## Your task
Quote the data exactly, first line to the line containing "Balcony of an", with no pictures.

## Extracted material
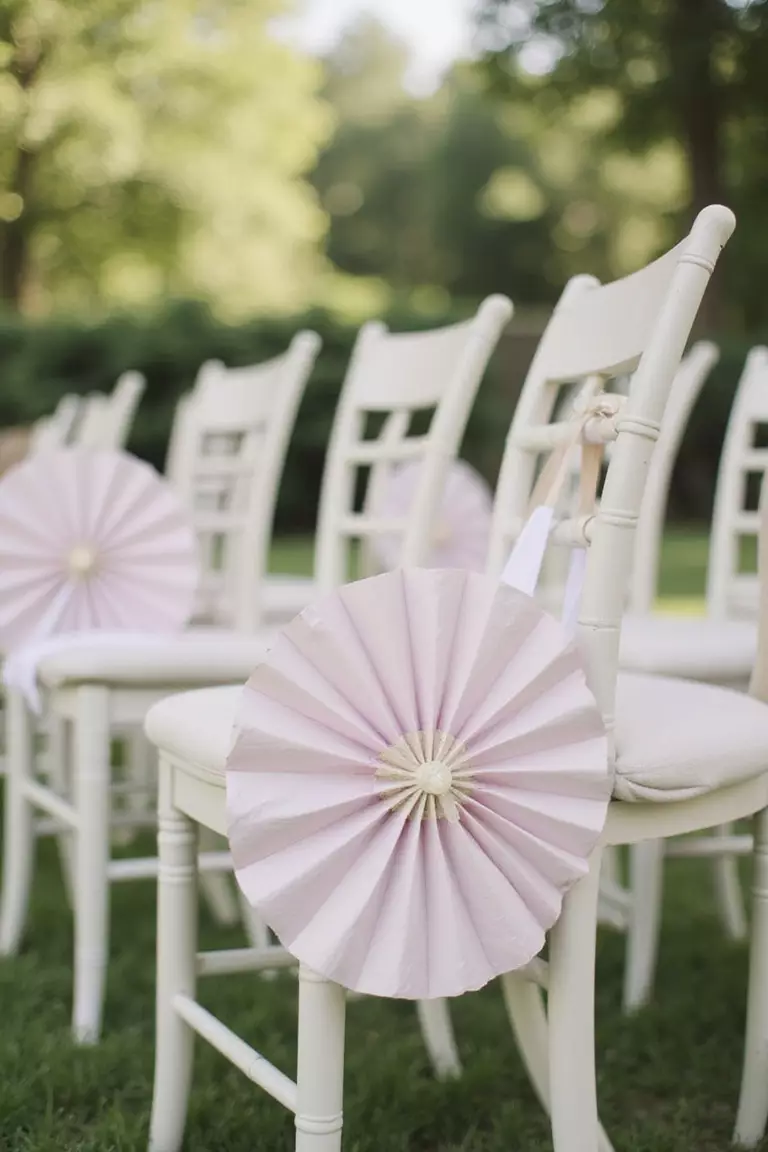 Give Fans As Wedding Favors A professional photo, similar to a photo in a wedding magazine, of pretty paper hand fans placed on each chair at an outdoor summer wedding ceremony setup.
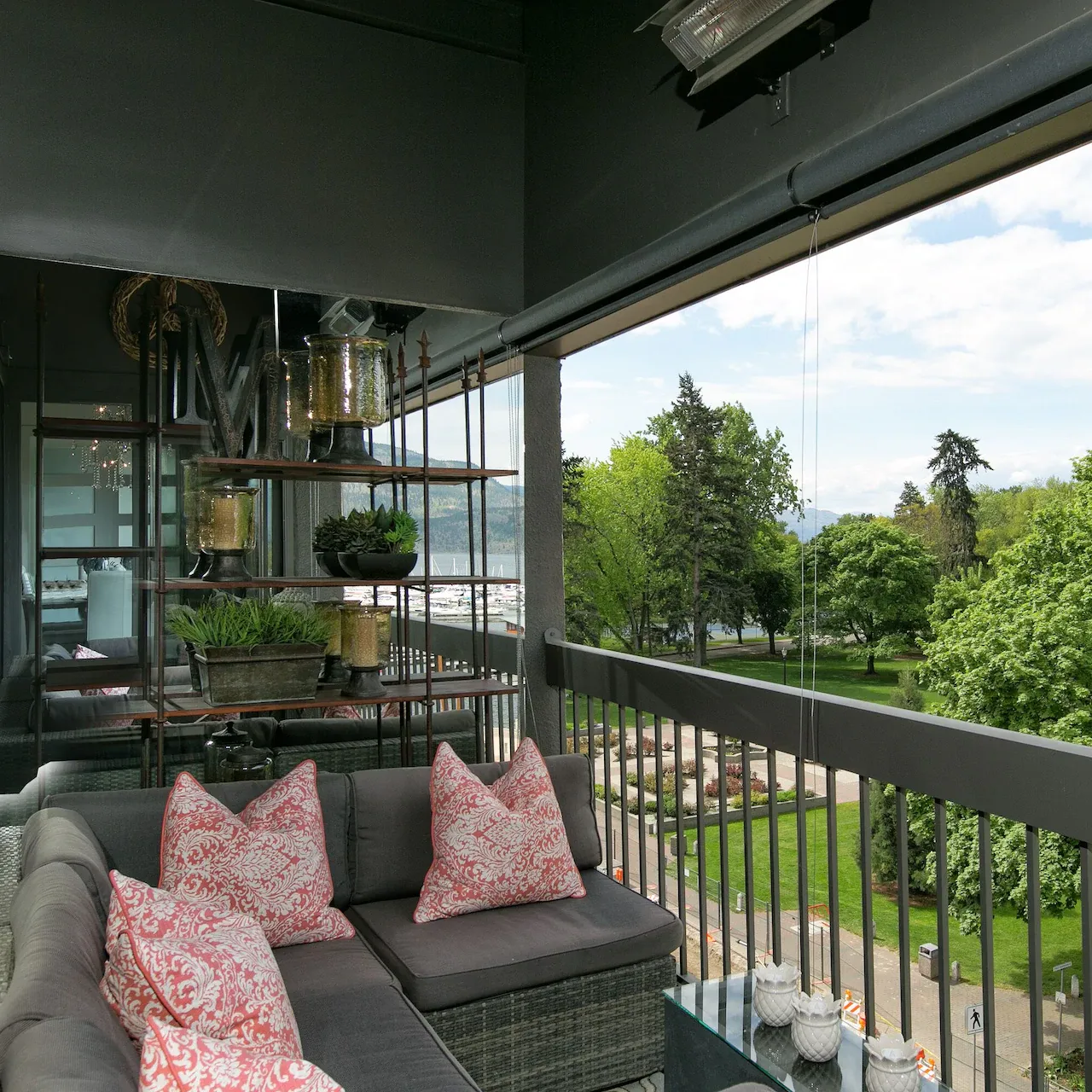 Balcony of an apartment in downtown Kelowna furnished with a couch ooking out on trees and the harbour in the distance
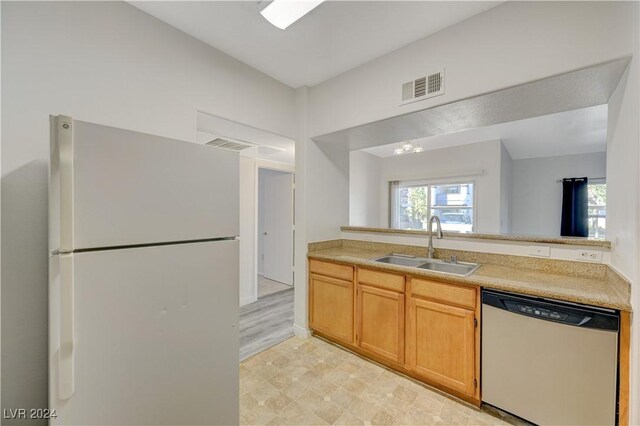 kitchen featuring light countertops, a sink, freestanding refrigerator, stainless steel dishwasher, and visible vents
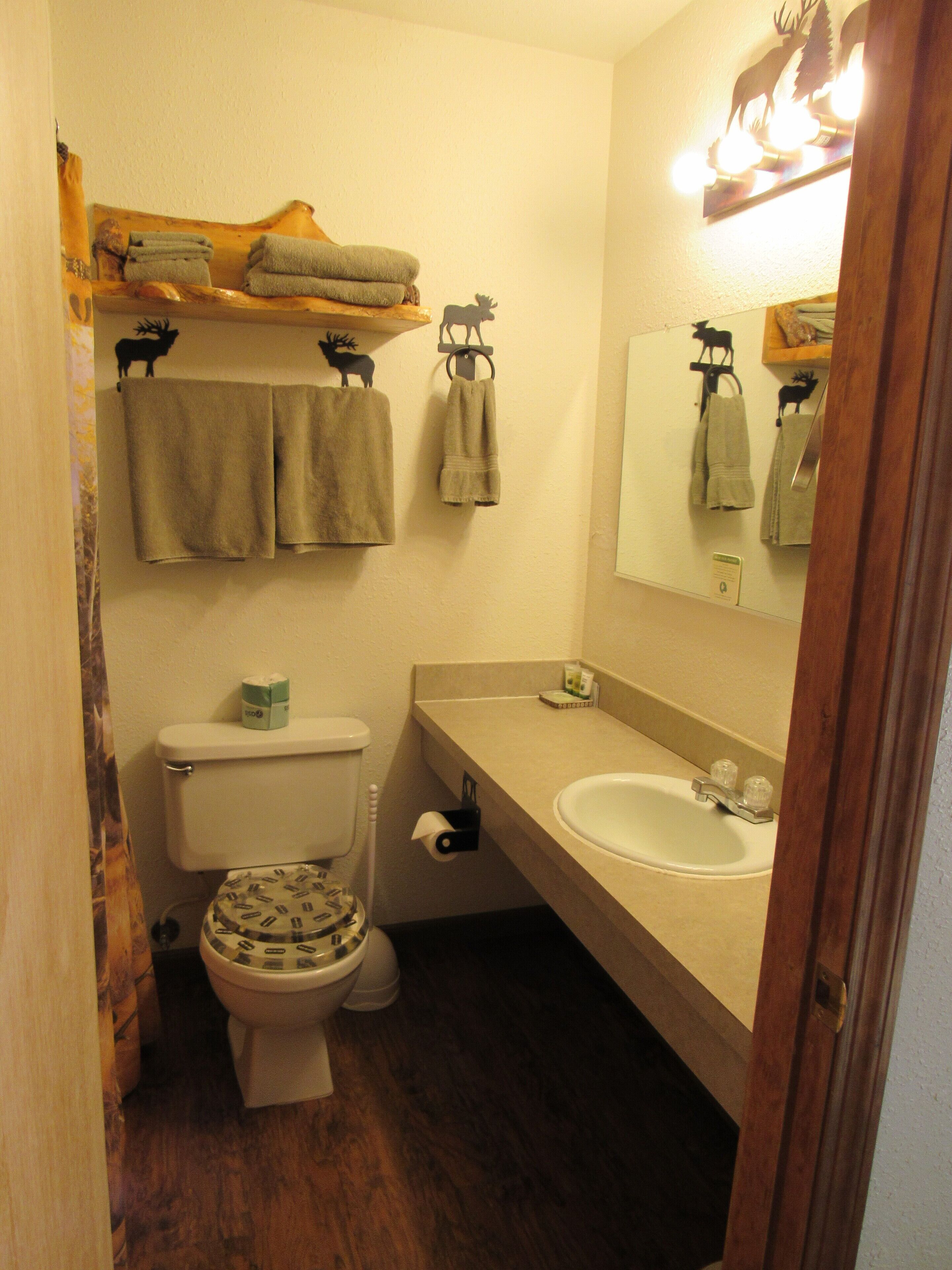 Een compacte badkamer met toilet, wastafel en handdoekhouder.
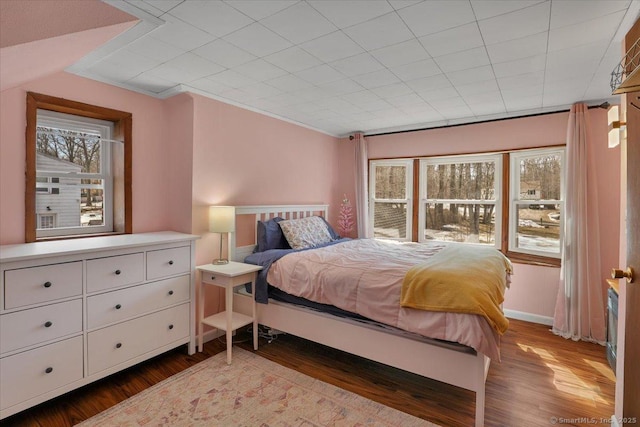 bedroom featuring baseboards and wood finished floors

## Solution below
 Give Fans As Wedding Favors A professional photo, similar to a photo in a wedding magazine, of pretty paper hand fans placed on each chair at an outdoor summer wedding ceremony setup.
 Balcony of an apartment in downtown Kelowna furnished with a couch ooking out on trees and the harbour in the distance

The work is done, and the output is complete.